Why, you may ask, am I so pissed about the lack of recent notable deaths? Well, celebrity death watching is my sport. It's what I think about while most other men are thinking about baseball or NASCAR. I don't watch ESPN, I watch the obituaries on Yahoo News. I'm not a member of fantasy football leagues, I'm a member of dead pools. Yes, it's morbid, but it beats following sports I'll never play. I can tell you with absolute certainty that, one day, I will die.

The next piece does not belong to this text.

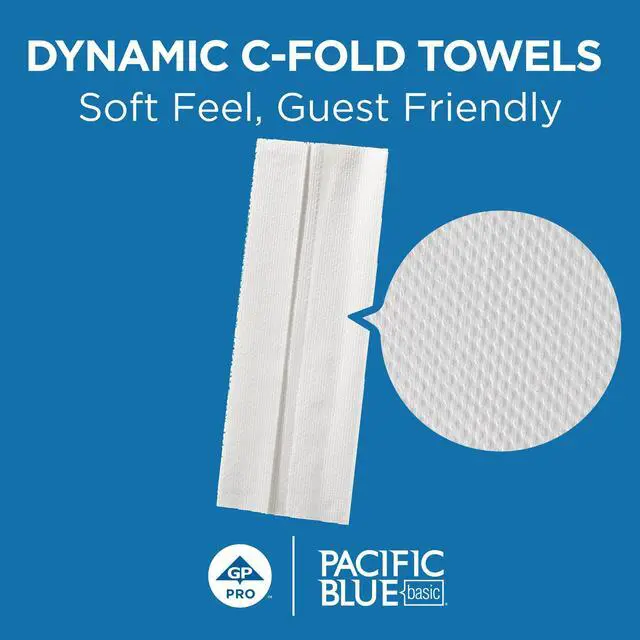 Alt view image 2 of 7 - Pacific Blue Basic by Georgia-Pacific PRO C-Fold Paper Towels, White, 10.1 x 12.7 (LxW), 240 Towels Per Pack, 10 Packs Per Case, 20603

I've always been a fan of celebrity death watching, but it truly became my passion in September of 2003. Within 24 hours, both Johnny Cash and John Ritter died. When I called my Dad, he so eloquently said, "Well, I made it longer than Ritter, but not as long as Cash." I enjoyed his quip. When Gordon Jump died a week later, I called him again and he said he'd rather be dead than be in Cincinnati (Gordon Jump was on WKRP in Cincinnati). Good stuff!
From then on, anytime anybody famous died, I would call my Dad. Soon my mother got in on the act. And then my sister (who, by the way, lives in Cincinnati). The four of us would compete to be the first one to let the others know when a famous death had occurred. By phone or by e-mail or by text, we would broadcast the information and hope that nobody else had heard it. Not exactly The Cosby Show, but it bonded my family and gave me a reason to check CNN.com at four in the morning.
Our rules are pretty simple. The dead person has to be somebody we all know. You get extra points if it's somebody beloved like George Carlin. You get even more points if it's unexpected like Heath Ledger. You get even more points if it's scandalous like Anna Nicole Smith. You get even more points if it's particularly brutal like Jam-Master Jay. And you get the maximum amount of points if it's Osama Bin Laden. I love this game!
Celebrity death watching isn't actually as morbid as it seems. When famous people die, it's our last chance to appreciate them. They could be disgraced or go insane and we'll still memorialize them. I can't wait until Michael Jackson dies. They could be old, fat, and disgusting and we'll still memorialize them. I can't wait until Elizabeth Taylor dies. They could be irrelevant and into Jesus and we'll still memorialize them. I can't wait until Stephen Baldwin dies.
Celebrity death watching also helps us realize how lucky we are to be alive, or at least not be dead. One of the things I pride myself on is that I'm not afraid to die (hey, it'll put me out of my misery). Still, I can't help but question my mortality when Jennifer Hudson's mother gets shot.
So yeah, I'm upset that nobody good has died recently. Where are the Phil Hartmans and Chris Farleys? Where are the Frank Sinatras and James Browns? Where are the Benazir Bhuttos and Nicole Brown Simpsons? In the new year, it is my hope that we'll have some solid celebrity deaths.
I hope for the expected deaths - Fidel Castro, Patrick Swayze, Amy Winehouse, and Jeff Conaway. I hope for the needed deaths - Paris Hilton, Dick Cheney, Martha Stewart, and Mario Lopez. I hope for the holy shit surprise deaths - Todd Palin, Miley Cyrus, and Michael Phelps. I hope they all die. For me, death makes life a whole a lot better.